DC Sweep Analysis is used to calculate a circuits’ bias point over a range of values. This procedure allows you to simulate a circuit many times, sweeping the DC values within a predetermined range. You can control the source values by choosing the start and stop values and the increment for the DC range. The bias point of the circuit is calculated for each value of the sweep.
In Transient Analysis Multisim computes the circuit’s response as a function of time. This analysis divides the time into segments and calculates the voltage and current levels for each given interval. Finally, the results, voltage versus time, are presented in the Grapher View.
AC Analysis is used to calculate the small-signal response of a circuit. In AC Analysis, the DC operating point is first calculated to obtain linear, small-signal models for all nonlinear components. Then, the equivalent circuit is analyzed from a start to a stop frequency. The result of an AC Analysis is displayed in two parts: gain versus frequency and phase versus frequency.
Using Temperature Sweep Analysis you can quickly verify the operation of your circuit by simulating it at different temperatures. The effect is the same as simulating the circuit several times, once for each temperature. You control the temperature values by choosing start, stop and increment values.
Fourier Analysis is a method of analyzing complex periodic waveforms. It permits any nonsinusoidal period function to be resolved into sine or cosine waves, possibly an infinite number, and a DC component. This permits further analysis and allows you to determine the effect of combining the waveform with other signals.
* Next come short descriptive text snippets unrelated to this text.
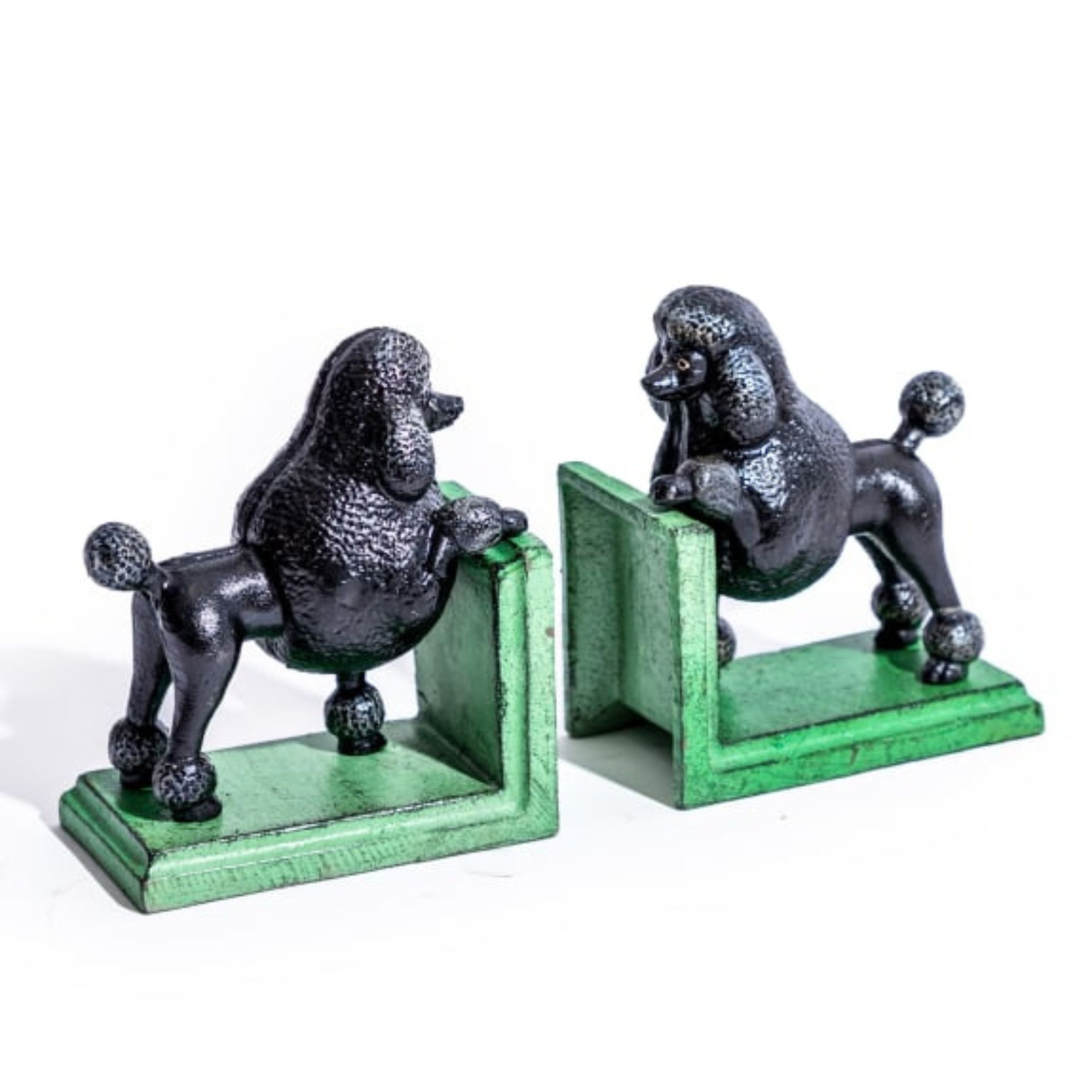 Pair of cast iron black poodle bookends with vintage green bases, positioned side by side on a clean white background, showcasing their detailed finish.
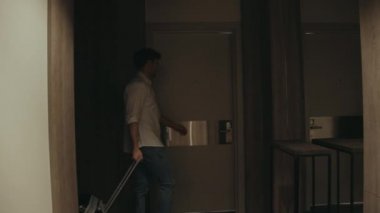 Bavulu olan yakışıklı bir adam otel odasını açıyor. Lüks daireye gelen adam.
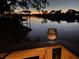 A calming waterfront at dusk featuring a glass of wine offering a lifestyle of relaxation and enjoyment at 5903 Cachette De Riviera Ct, New Port Richey, FL 34655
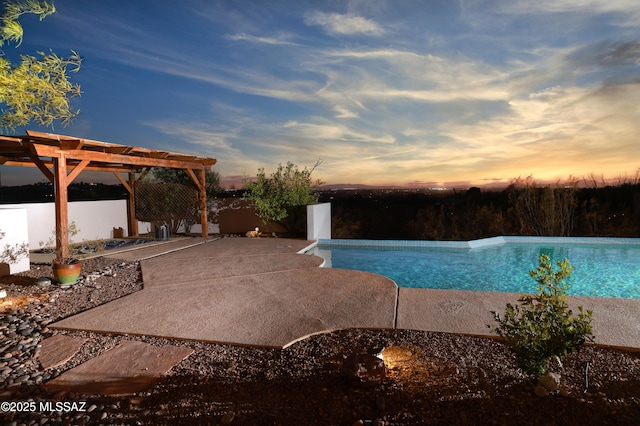 view of swimming pool with a pergola, an infinity pool, and a patio area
Worst Case Analysis is a statistical technique that uses a “what if” approach to provide a practical result and its primary purpose is to identify the most critical components of a circuit. This analysis helps you answer the question: What will be the worst possible effects of variations in component parameters?
Noise Analysis calculates the noise contribution from each resistor and semiconductor device at the specified output node. Multisim creates a noise model of the circuit using noise models of each resistor and semiconductor devices and then performs AC-like analysis. It calculates the noise contribution of each component and propagates it to the output of the circuit sweeping through the frequency range specified.
Noise Figure Analysis is used to specify exactly how noisy a device is. For a transistor, noise figure is simply a measure of how much noise the transistor adds to the signal during the amplification process. In a circuit network, the noise figure is used as a figure of merit to compare the noise in a network with the noise in an ideal or noiseless network. It is a measure of the degradation in signal-to-noise ratio (SNR) between the input and output ports of a network.
With Parameter Sweep Analysis you can verify the operation of a circuit by simulation across a range of values for a component parameter. The effect is the same as simulating the circuit several times, once for each value. You control the parameter values by choosing a start value, end value, type of sweep that you wish to simulate and the desired increment value.